## Data to examine:

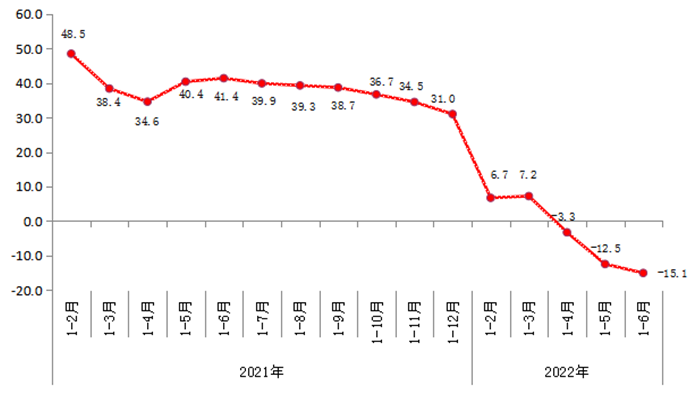 2021年以来规模以上工业增加值增速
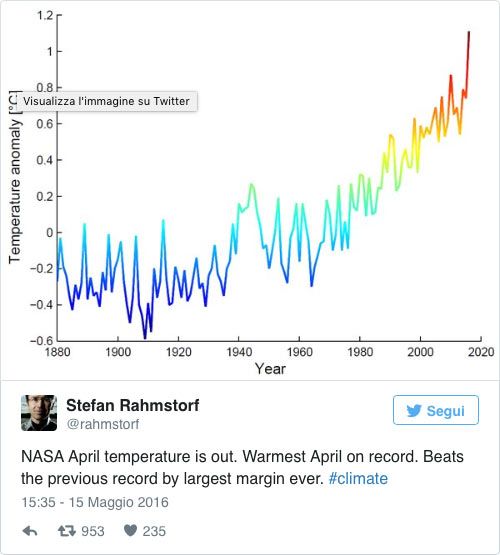 abril clima 2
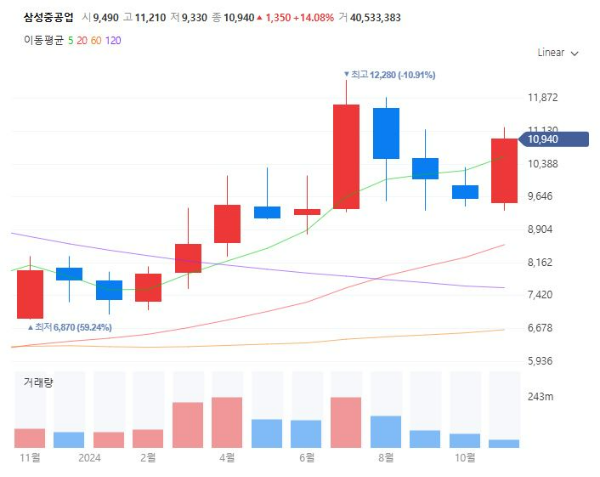 조선관련주대장주수혜주TOP5_삼성중공업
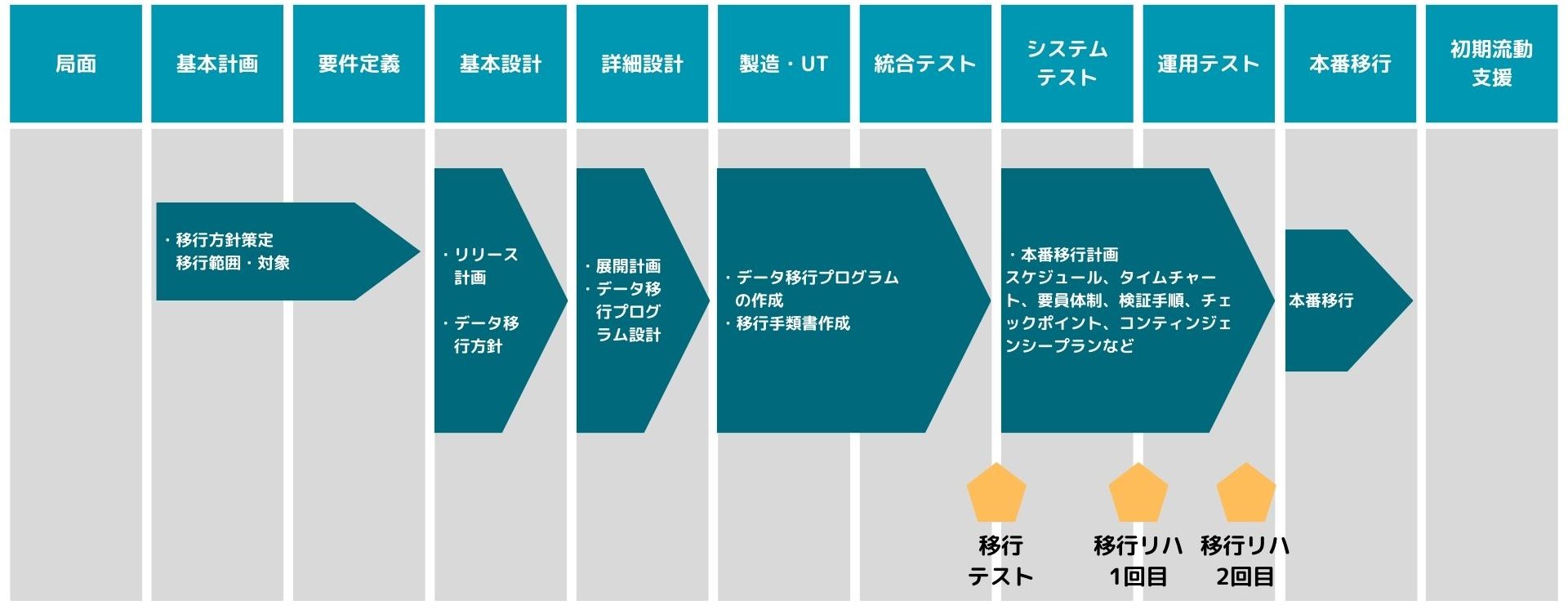 プロジェクト移行計画のスケジュール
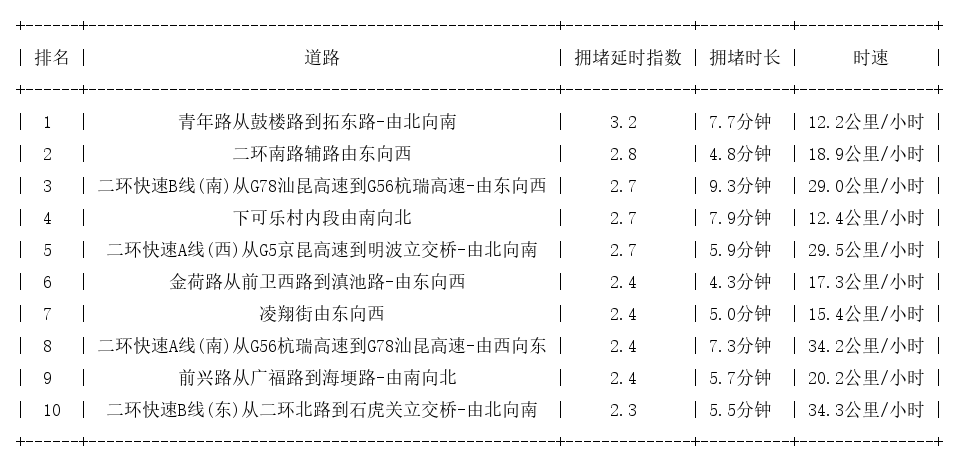 03月28日09时, 昆明早高峰路况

## Task requirements:
When you return the listing, keep each line exact and leave the pictures out.

## Answer section:
 2021年以来规模以上工业增加值增速
 abril clima 2
 조선관련주대장주수혜주TOP5_삼성중공업
 プロジェクト移行計画のスケジュール
 03月28日09时, 昆明早高峰路况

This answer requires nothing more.